WORK TO COMPLETE: For the entries that follow, restate word for word the line containing "Aktualna sytuacja w", the line containing "ponadto wytypowano 224", and every line that lies between them.
──────── INPUT
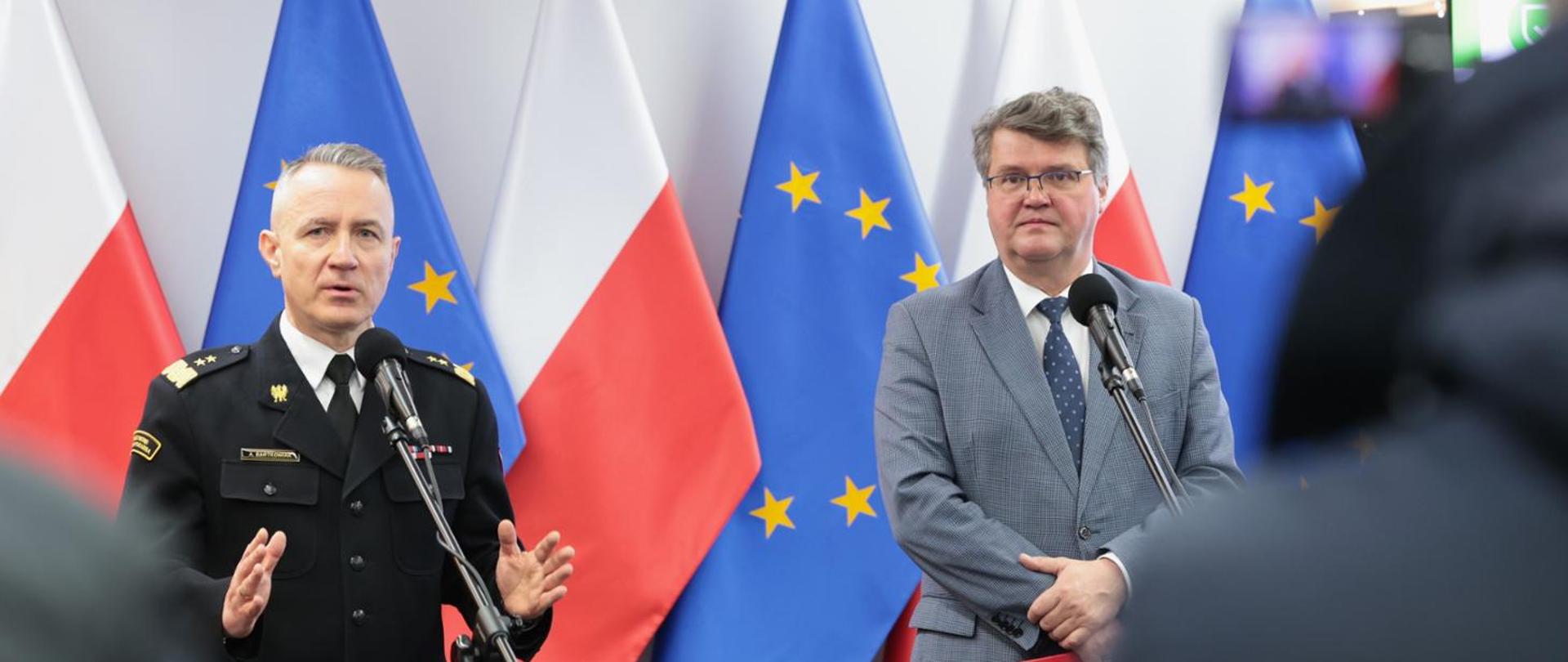 Dziś, 6 kwietnia br. w siedzibie Komendy Głównej Państwowej Straży Pożarnej odbyła się konferencja, podczas której wiceminister Maciej Wąsik, wspólnie z komendantem głównym PSP gen. brygadierem Andrzejem Bartkowiakiem, zaprezentowali wyniki ogólnopolskiej inwentaryzacji budynków i obiektów budowlanych służących do schronienia ludności.
Podczas działań strażaków zinwentaryzowano 234 735 obiektów budowlanych na terenie kraju. Sklasyfikowane zostały jako budowle ochronne, czyli schrony i ukrycia oraz miejsca doraźnego schronienia (MDS).
Pojemność tych obiektów przekracza populację Polski. W przypadku zagrożenia może się w nich schronić w sumie ponad 49 mln osób.
„W ubiegłym roku Minister Spraw Wewnętrznych i Administracji Mariusz Kamiński zlecił Państwowej Straży Pożarnej dokonanie inwentaryzacji schronów, ukryć i miejsc schronienia. Inwentaryzacji zostały poddane wszystkie pomieszczenia, które należą do instytucji państwowych, samorządowych, wspólnot mieszkaniowych, spółdzielni oraz te należące do podmiotów gospodarczych, prowadzących działalność pożytku publicznego. Nie inwentaryzowaliśmy tego typu obiektów w żadnych budynkach prywatnych. Chciałbym wszystkim strażakom serdecznie podziękować za tę wielką pracę, którą wykonali” – powiedział wiceminister Maciej Wąsik podczas konferencji.
Wiceszef MSWiA poinformował także o uruchomieniu aplikacji SCHRONY, przygotowanej przez Państwową Straż Pożarną - „PSP przygotowała aplikację, dzięki której każdy może znaleźć najbliższy schron, ukrycie albo miejsce doraźnego schronienia. Ta aplikacja jest dobrym narzędziem i można od dziś z niej korzystać” .
Sekretarz stanu w MSWiA nawiązał również do projektu ustawy o ochronie ludności oraz o stanie klęski żywiołowej - „Ta inwentaryzacja to dopiero początek drogi. Oczywiście na to są potrzebne pieniądze. Po to wprowadzamy ustawę o ochronie ludności oraz o stanie klęski żywiołowej, która tworzy Fundusz Ochrony Ludności. Środki z tego funduszu byłyby także przeznaczane na ochronę ludności czy też obrony cywilnej. Mamy nadzieję, że wkrótce rząd przyjmie tę ustawę i będzie można ją przeprocedować w Sejmie. W tej chwili trwają jeszcze rozmowy z samorządami”.
Podczas konferencji prasowej gen. brygadier Andrzej Bartkowiak komendant główny PSP podkreślił: „To było ogromne wyzwanie dla Państwowej Straży Pożarnej. Blisko 13 tys. strażaków brało udział w inwentaryzacji. Zadanie trwało 85 dni, to ponad 171 tys. godzin roboczych.
Aktualna sytuacja w liczbach wygląda następująco:
w schronach może się ukryć ponad 300 tys. osób ( około 2 tys. obiektów).
miejsc ukrycia jest blisko 9 tys. dla ponad 1,1 mln osób
ponadto wytypowano 224 tys. miejsc doraźnego schronienia”.
Gen. brygadier Andrzej Bartkowiak powiedział, że inwentaryzację przeprowadzili doświadczeni strażacy - „PSP ma niezwykle dobrze wyszkoloną kadrę. Jesteśmy ekspertami w dziedzinie rozpoznawania zagrożeń. Byliśmy przygotowani do przeprowadzenia takiego zadania jakim była inwentaryzacja”
Komendant zaznaczył także, że w planach PSP jest również prowadzenie działań edukacyjnych i informacyjnych dotyczących zachowania się w sytuacji zagrożenia – „Nikt przez ostatnie dekady nie podejmował się tego tematu. To pierwszy krok wielkiej akcji, którą musimy w Polsce przeprowadzić. Chcemy edukować społeczeństwo poprzez Młodzieżowe Drużyny Pożarnicze i lekcje w szkołach. Musimy informować ludzi, jak się zachowywać w sytuacji zagrożenia”.
Działania Państwowej Straży Pożarnej w zakresie inwentaryzacji
Państwowa Straż Pożarna, od października do lutego 2023 roku, przeprowadziła na terenie całego kraju inwentaryzację miejsc doraźnego schronienia (MDS), a także budowli ochronnych i schronów. Strażacy prowadzili działania w ramach tzw. rozpoznania operacyjnego związane z zarządzaniem kryzysowym oraz zagadnieniami dotyczącymi ochrony ludności.
Głównym celem inwentaryzacji była identyfikacja obiektów budowlanych, które można zakwalifikować jako miejsca doraźnego schronienia (MDS). W związku z tym pozyskano informacje z zasobów Państwowej Straży Pożarnej, spółdzielni mieszkaniowych, organów nadzoru budowlanego lub administracji architektoniczno-budowlanej.
Funkcjonariusze PSP każdorazowo nawiązywali kontakt z właścicielami obiektów budowlanych, aby uzyskać zgodę na przeprowadzenie inwentaryzacji oraz otrzymać dane o przeznaczeniu obiektu. Proces inwentaryzacji był dobrowolny, a spis z natury realizowano za zgodą właściciela, zarządcy lub osoby uprawnionej do przekazania informacji o obiekcie.
Aplikacja – schrony.straz.gov.pl
Na potrzeby procesu inwentaryzacji opracowana została specjalna aplikacja na urządzenia mobilne (wraz z systemem opartym o serwer www). To w niej strażacy uzupełniali informacje o zinwentaryzowanych obiektach.
Na jej podstawie opracowana została darmowa aplikacja, z której można skorzystać za pośrednictwem przeglądarki internetowej pod adresem http://schrony.straz.gov.pl, zarówno na komputerach stacjonarnych, laptopach, jak i urządzeniach mobilnych.
Aplikacja ma formę interaktywnej mapy, pozwala na łatwe i intuicyjne wyszukiwanie najbliższego miejsca schronienia w podziale na kategorie – miejsca doraźnego schronienia, ukrycia i schrony.
Podsumowanie inwentaryzacji obiektów budowlanych
Podczas działań PSP zinwentaryzowała w sumie 234 735 obiektów budowlanych na terenie całego kraju. Sklasyfikowano je jako budowle ochronne, czyli schrony i ukrycia oraz miejsca doraźnego schronienia (MDS).
Najwięcej obiektów zinwentaryzowano w województwie mazowieckim (29,7 tys.), a także w województwie śląskim (25,9 tys.). Na terenie całego kraju zewidencjonowano:
224 113 miejsc doraźnego schronienia (MDS);
10 622 budowle ochronne, w tym:
- 903 – schrony,
- 8 719 – ukrycia.
Pojemność tych obiektów przekracza populację Polski. W MDS-ach, schronach i ukryciach może się schronić w sumie ponad 49 mln osób.
Najwięcej strażaków zaangażowanych było w akcję inwentaryzacji na terenie Mazowsza (1 659 funkcjonariuszy PSP) oraz na Śląsku (1 216).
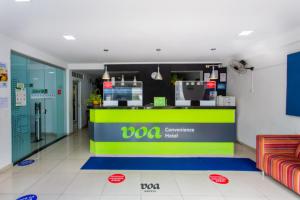 容迪亚伊VOA Convenience Hotel的一个带绿色和蓝色柜台的商店大堂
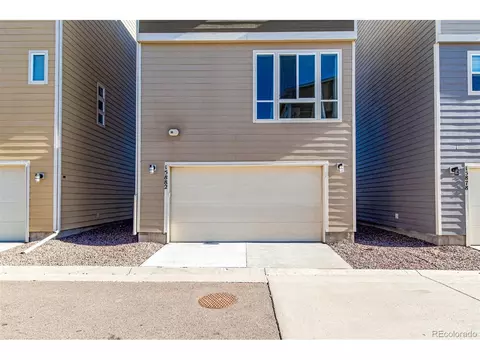 15882 E Broncos Pl, Centennial, CO 80112 photo 5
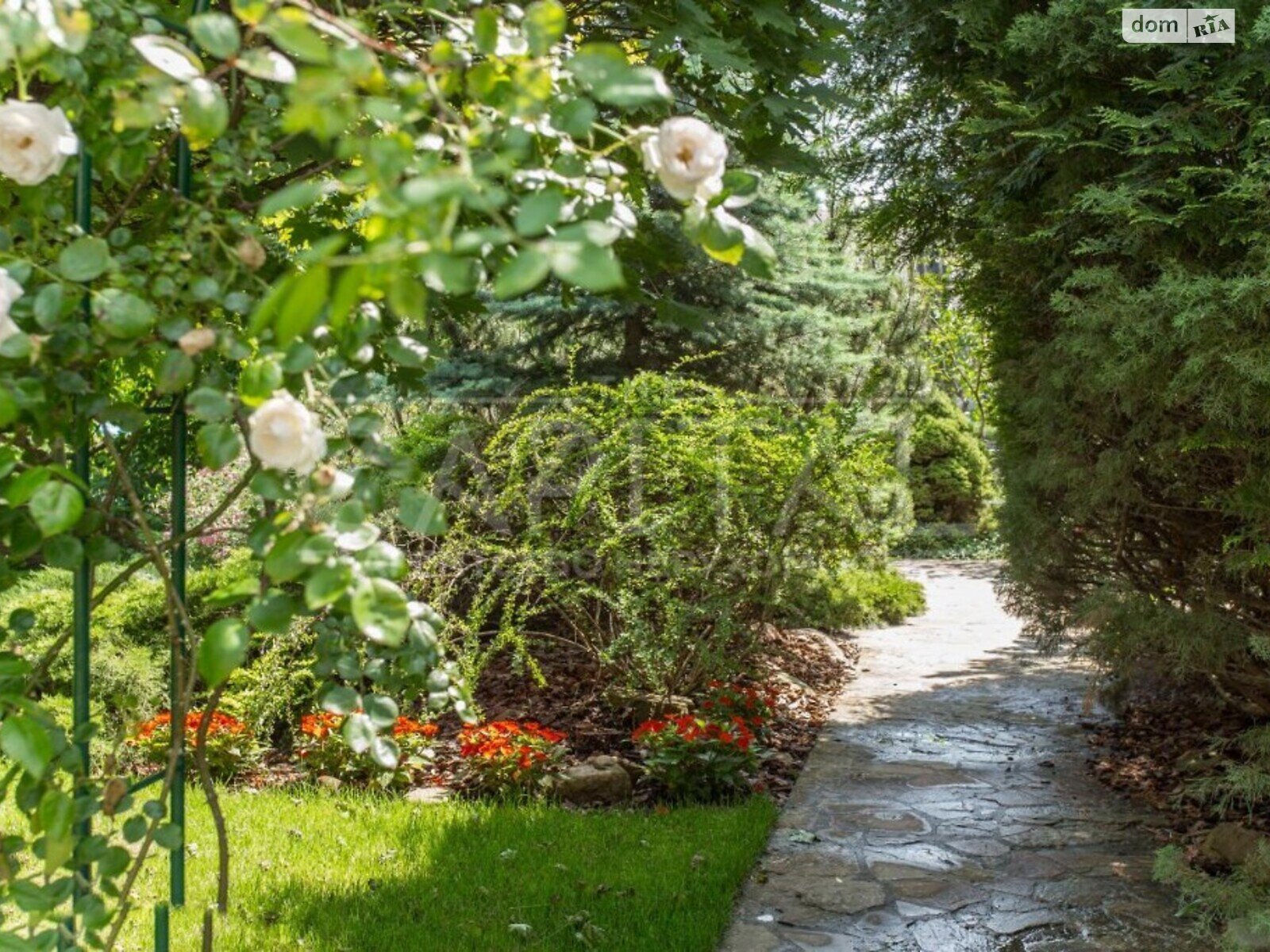 триповерховий будинок, 700 кв. м, цегла. Продаж в Києві, район Голосіївський фото 1 триповерховий будинок, 700 кв. м, цегла. Продаж в Києві, район Голосіївський фото 1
────────────────
TASK OUTPUT:
Aktualna sytuacja w liczbach wygląda następująco:
w schronach może się ukryć ponad 300 tys. osób ( około 2 tys. obiektów).
miejsc ukrycia jest blisko 9 tys. dla ponad 1,1 mln osób
ponadto wytypowano 224 tys. miejsc doraźnego schronienia”.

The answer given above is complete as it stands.